The US is not planning to blacklist Chinese companies from trading on US stock markets, according to a Department of the Treasury statement. Rumblings of a possible cut-off came on Friday and sent shivers through the markets.
“The [US] administration is not contemplating blocking Chinese companies from listing shares on US stock exchanges at this time,” the US Treasury said in a statement, posted by spokeswoman Monica Crowley on her Twitter on Sunday. The statement added that the Treasury “welcome[s] investment in the United States.”
According to media reports on Friday, the White House had been considering the possibility of restricting capital flows into China by limiting Chinese companies from trading on US stock exchanges. Reuters, for instance, reported this, citing a source within the government. The move, if taken, would have led to a radical escalation of already tense trade relations between the US and China.

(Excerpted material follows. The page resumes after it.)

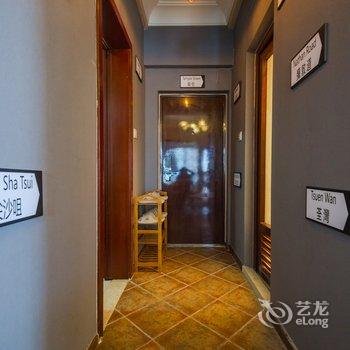 成都乐途精品连锁民宿酒店提供图片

The report, first posted by Bloomberg, also rattled financial markets on Friday, sending the US benchmark S&P 500 index SPX down 0.53 percent and the Dow DJIA 0.26 percent lower, in midday trading. Chinese internet giants listed in the US were hit harder, though, with Alibaba BABA falling a whole 5 percent and Baidu BIDU nearly 4 percent.
China’s currency the yuan fell by 0.4 percent against the US dollar, to its weakest against the greenback in nearly three weeks.
The news comes at a sensitive time for US-China relations, as the two countries get ready for a possible resolution of their months-long trade dispute in talks set to be held in Washington on October 10, with the Chinese delegation to be led by Vice Premier Liu He.